Disrupting Manipulations
At 6th level, you may regain one sorcery point by expending a hit die and subtracting the roll from your hit point total. This damage cannot be reduced in any way. In addition, you know the spells dispel magic and counterspell which do not count against your number of spells known. When you successfully cast either of these spells, any creature or object from which you dispelled a spell or the creature whose spell you countered takes necrotic damage equal to 1d12 plus your sorcerer level.

This is legacy stuff. Gaining a few bonus sorcery points for sacrificing hit dice is thematically appropriate, as well as the Ghul Lord's magic disrupting normal magic. While the first feature could belong to any death-themed sorcerer, here we are firmly in the domain of the ghul lord.

Necrotic Manipulations
At 14th level, as an action, you may temporarily add one evocation or necromancy spell from the sorcerer spell list to your spells known by expending sorcery points equal to the spell’s level. If that spell deals damage, half of the damage is considered necrotic damage. You lose access to the spell once you cast it or when you take a short or long rest. If the spell is an evocation spell that does not normally deal damage, it deals 1d12 plus your sorcerer level in necrotic damage to any living creature which comes into contact with the effect.

More legacy material. The idea is the ghoul lord can manipulate raw necrotic energy to cast spells. This lets them get a blasting spell they need easily, and a few utilities though they may be costly. Again, this makes this ghul lord specific, rather than just death sorcerer.

Rotting Strength

At 17th level, you can be targeted by effects that target undead, and whenever you are subject to an effect that only affects undead you may choose whether or not you are affected. You are immune to necrotic and poison damage, and your spells that deal necrotic or poison damage deal extra damage equal to your charisma modifier.

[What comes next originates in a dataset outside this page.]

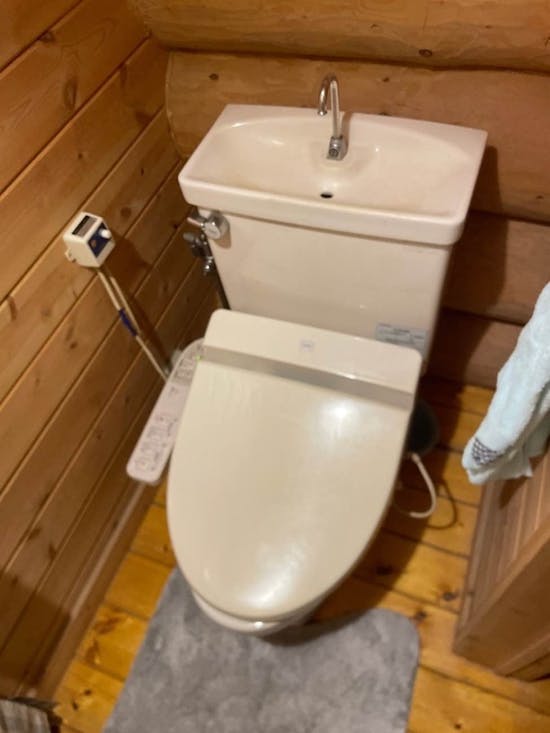 工事前　山梨県南都留郡のお客様のTOTOトイレ工事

This is obviously the "you are dead" capstone. Not sure its quite enough yet, a bit of a random grab bag of weaker effects. This feels a little less like ghul lord, but is thematically related to the ongoign loss of strength/constitution/charisma the ghul lord suffers by turning more death-like.


All in all, I'm not unhappy with this but not quite happy either. I need to go back and see if I'm missing something from the original (defensive, informative, and translocative manipulations?) or what I've got here (the grab bag of powers and all) that isn't necessarily thematic and could be simplified. For example, if the ghoul lord can only learn necromancy spells (If you draw from all lists, I think there's enough in the Player's Handbook) rather than from the sorcerer list, then the manipulation ability could be expanded and given at 6th level (i.e. Abjuration, Conjuration, Divination or Evocation spells from the sorcerer list, or any spell from the sorcerer list..? Illusions might not be bad, but Enchantments and Transmutations aren't thematic). Also I should re-compare things to the normal sorcerer options (and the new Favored Soul) to check the relative power levels, but its a start.